## Exercise instructions
Below are records; extract exactly the lines from the one containing "woman reading a" through the last, both included, and keep the pictures out.

*** Begin section ***

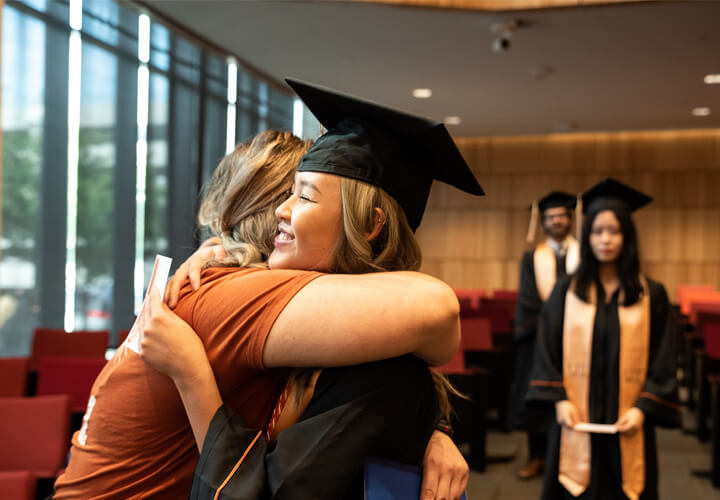Graduate in cap and gown hugs a family member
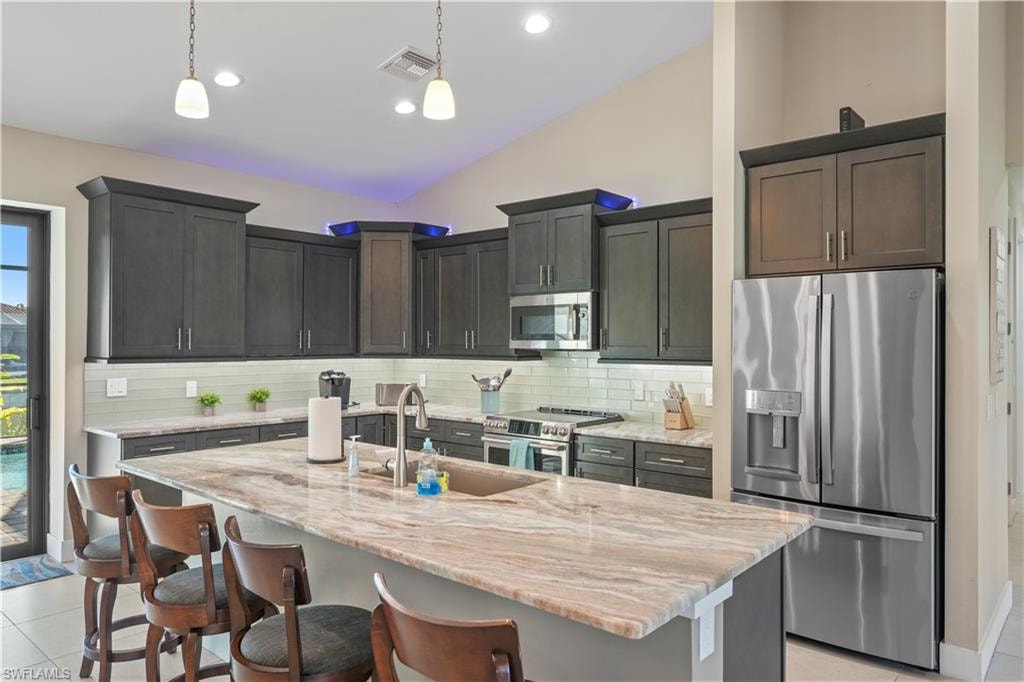 Kitchen featuring stainless steel appliances, light stone countertops, light tile patterned floors, a kitchen island with sink, and lofted ceiling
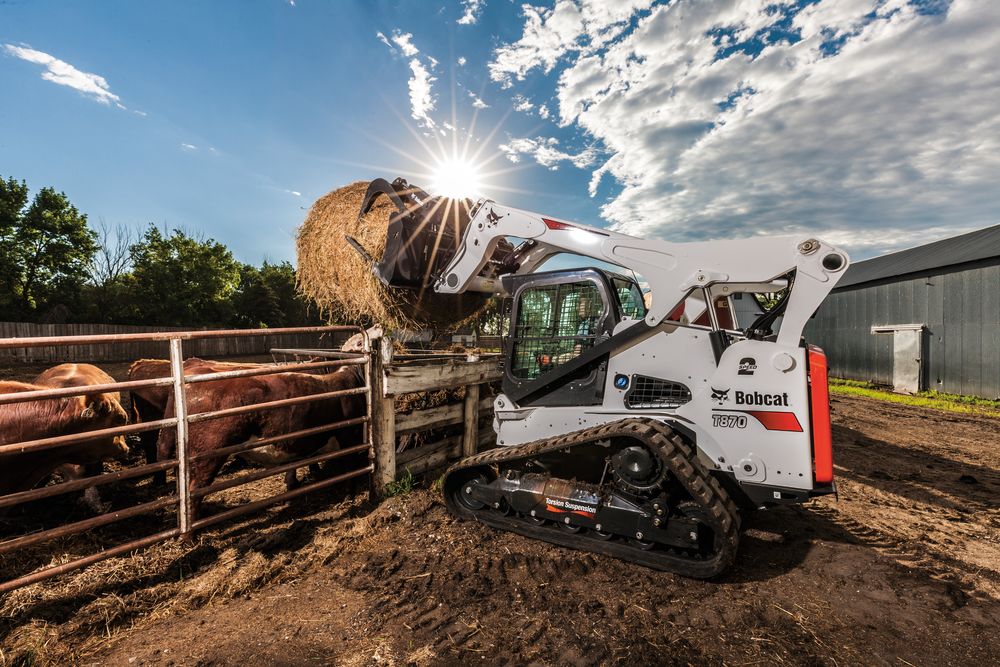 Мини погрузчик Bobcat s650 снег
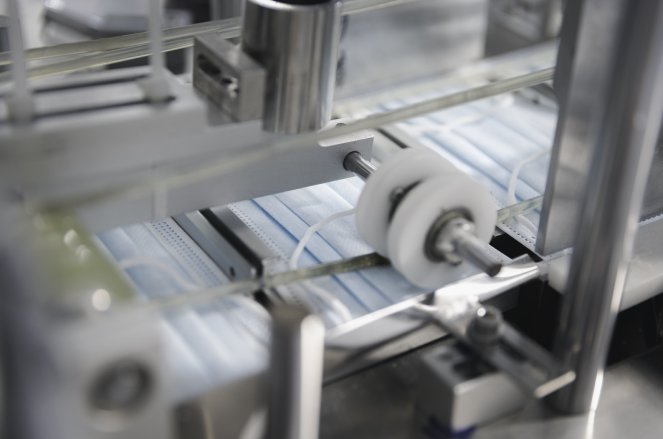 Medical mask in manufacturing machine in production line Healthcare supplies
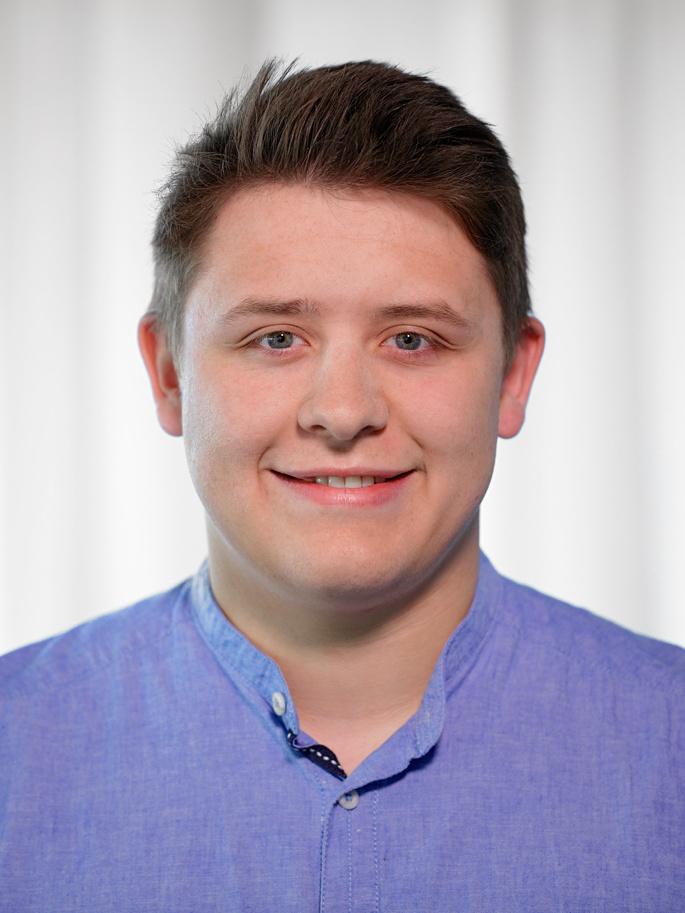 Portr&auml;t eines l&auml;chelnden jungen Mannes mit hellblauem Hemd vor einem neutralen, hellen Hintergrund.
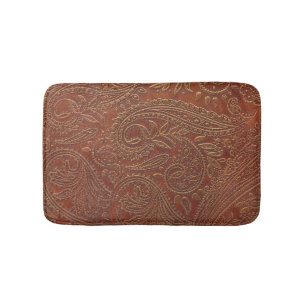 Brown leather, tooled floral pattern. bath mat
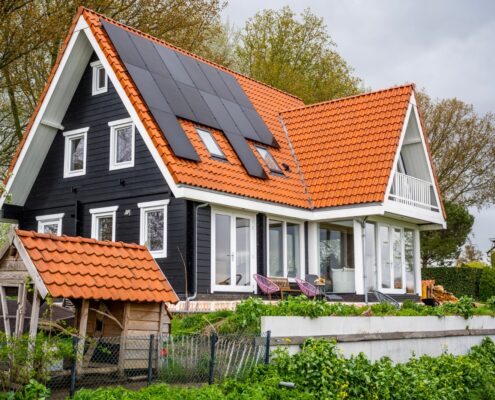 Een moderne tweeverdiepingswoning in Logbouw 4158 stijl, met zwartwitte gevelbekleding en een steil rood pannendak met zonnepanelen; beneden door weelderig groen en houten schuurtje. - Finnhouse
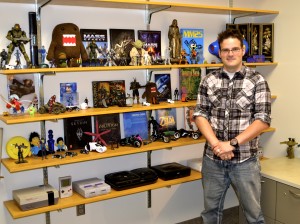 Dr. Kevin John shows off his sizeable collection of video game memorabilia. John's young age helps him relate to his students. (Taylor Ricks)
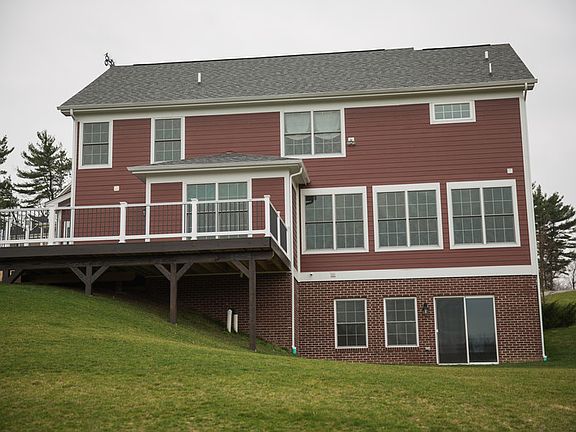 Back of the house
						:
						View is from the backyard. There's the sliding door to the walkout basement.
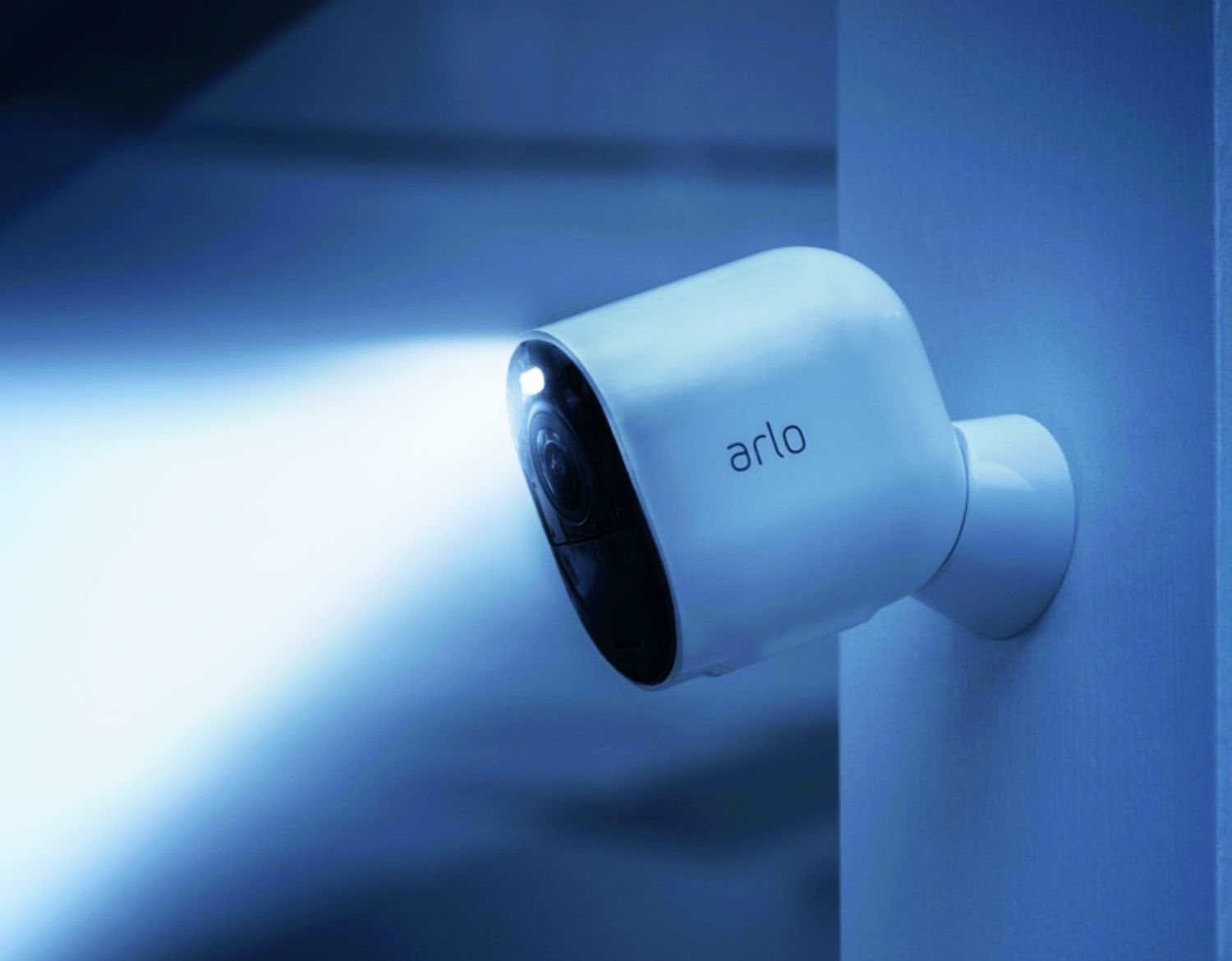 A white Arlo Ultra 2 security camera shines from a wall with a bright  spotlight 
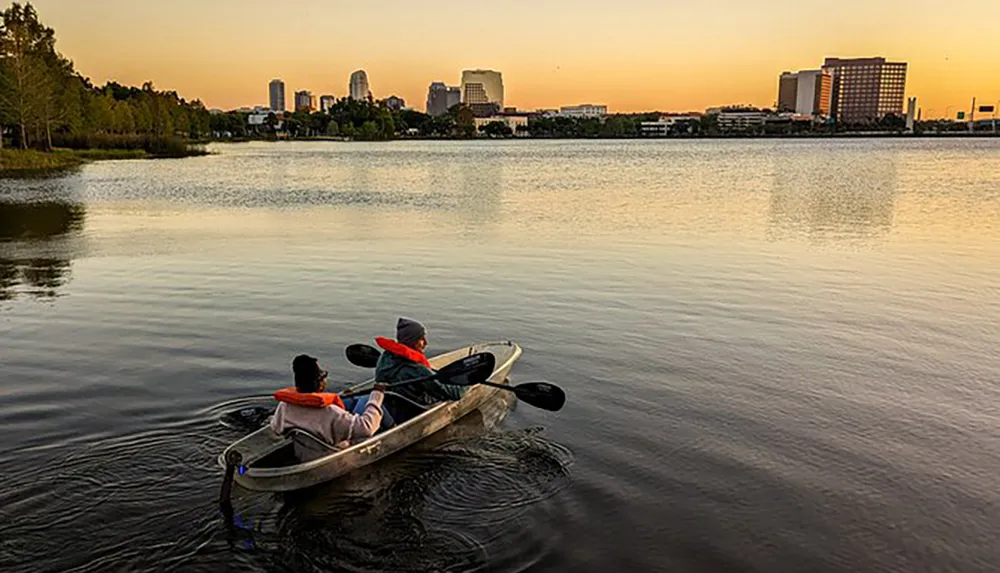 Two people in life jackets are paddling a kayak on calm waters with a city skyline in the background during sunset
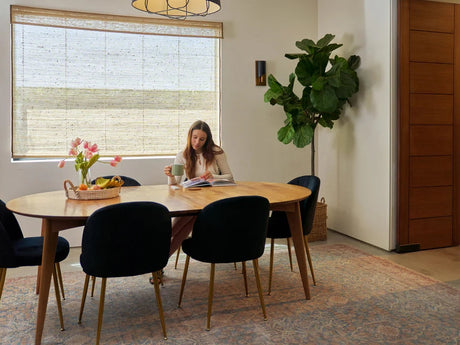 woman reading a book and drinking coffee at dining table with motorized woven wood shades behind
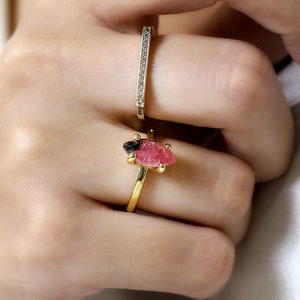 May include: A gold ring with a pink and black gemstone. The ring is on a person's finger. The person is also wearing a thin gold band with small diamonds.
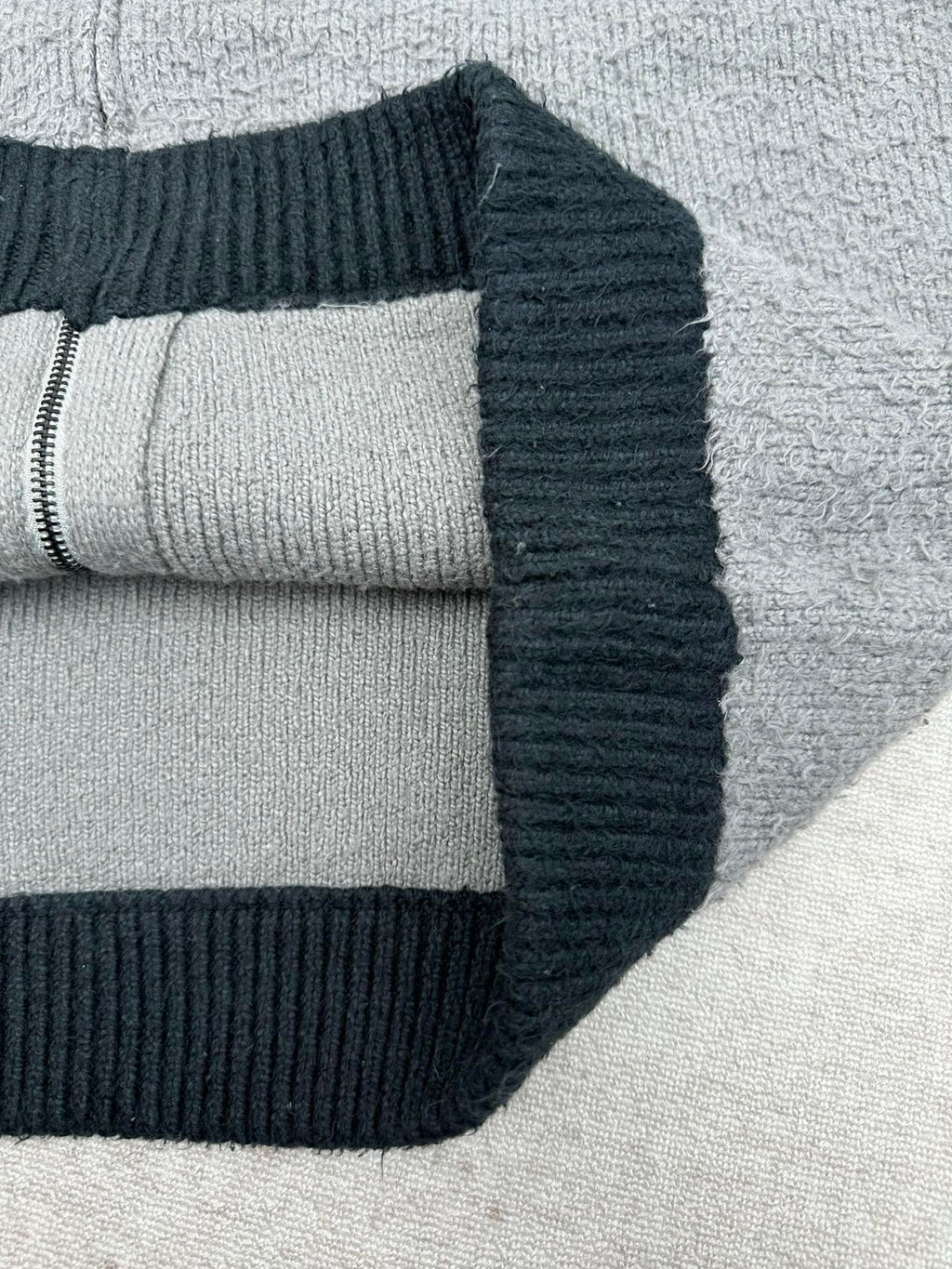Balenciaga knit zip hoodie close-up with ribbed cuff and dark navy hood trim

*** End section ***

## Result for this task
 woman reading a book and drinking coffee at dining table with motorized woven wood shades behind
 May include: A gold ring with a pink and black gemstone. The ring is on a person's finger. The person is also wearing a thin gold band with small diamonds.
Balenciaga knit zip hoodie close-up with ribbed cuff and dark navy hood trim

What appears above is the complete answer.